The three batteries will drain over time, and a circuit like this one requires a stable reference voltage. That is taken care by the bandgap reference voltage from the LTC1541. This eliminates the use of additional voltage regulators, and allows the circuit to work from 4.5V down to about 3.3V. Check the video after the break to listen to [Craig] describe how it works. We’re not sure how quickly it responds to changes in ambient temperature since the sensor is enclosed inside the meter, so maybe some vents at the back, or bringing out the sensor might be a good idea.

10 thoughts on “Vintage Microammeter Now Tells Temperature

  1. wait, this is a pure linear circuit? no code? no downloading to it? no clock or crystal?

    uhm. I don’t get it.


    nice job. love the old meter movements, as well.

  2. Excellent Extrapolation and Definition!
    I can not stress the the fact of how cleanly and straightforward this was presented.

    May I add an idea to this? Since it was mentioned @around 6:30. Concerning the reference voltage / V1, About the divider resistor “temptation”.

    Would a micro voltage joule thief provide the minimum 3.3v until the batteries are completely dead? I don’t know how long the batteries would last pertaining the drain level if common 3 AA are used.

    I guess the big deal is how much space is available to integrate a JT, OR even building in a battery recharge that would be isolated if the device is off.

    There is an entire subculture regarding building Joule Thief and lighting LEDs. The biggest and only issue I see from them is battery leakage.

    @14:00 “10 years is good enough for me”. Forget everything I just said. I don’t think standard Alky batteries can even be stored that well. Damn, I am really impressed though, doing the math and showing and explaining the working. A++

    BTW [Craig] the analogzoo com/2015/01/building-the-widlar-hassler/ seems really awesome. If we could pair this with a ESP and connection to Wolfram. That would be epic.

  3. I’ll be the person that hates this hack because it destroys an older piece of equipment that is still useful…

    an analog uA meter is useful if you want to see trending, or pulsating values. Something digital readouts suck at. And it’s a uA meter, so it’s very sensitive which makes it useful in a lot of ways.

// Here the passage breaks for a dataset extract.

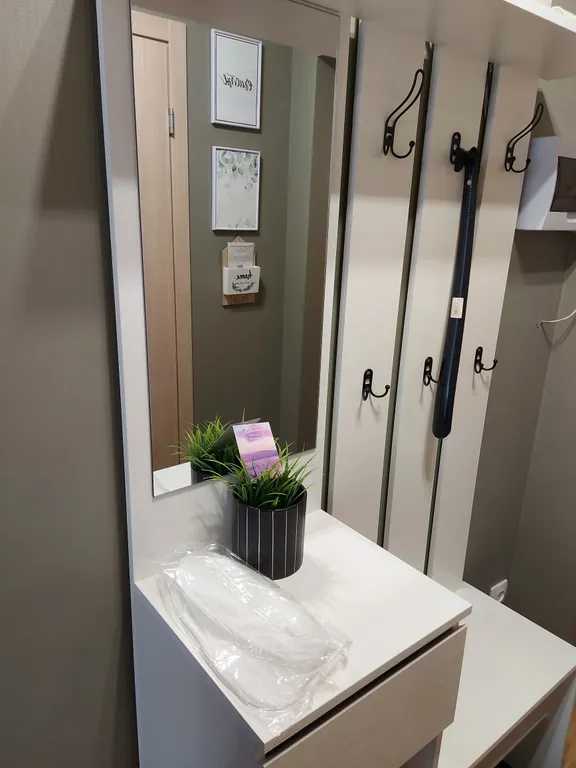 Студия с барной стойкой у окна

    A tear is shed. – R.I.P.

    1. It uses the meter to display micro-amps, so it’s functional parts are all still necessarily in working order. Perhaps he’s made a hole in the case or something, if he’s lazy. But he hasn’t destroyed it. He’s given it a new life where it’s beauty can be seen in public, doing useful work! A grand retirement for an old measuring tool.

      With the right choice of components, it might be possible to make a version of this run indoors off a solar cell. Then it’d be a permanent and lovely thermometer, even better.

  4. You know, I hate to be that guy who feels he has to chime in with a suggestion on something that someone did that works and they’re proud of (and rightfully so)… but I gotta do it.

    Instead of 3 batteries, have you considered using a single one and a boost converter to get a regulated supply voltage? It’s a particularly attractive solution in this case because the current draw is so low.

    I had a very similar need for my Crazy Clock. Existing solutions taped a pair of AA batteries on the back of the clock so that they could run at 3 volts, but I wanted to re-use the single AA battery holder that was already there. The NCP1402 (though you could also use an NCP1400A since the current is so low) not only allows a single battery to power the system at 3.3 volts, but it also allows the clock to keep running all the way down to around half a volt or so – using up more of the battery before quitting.

    SparkFun sells a breakout board for the NCP1402 if you don’t want to do the SMT thing yourself.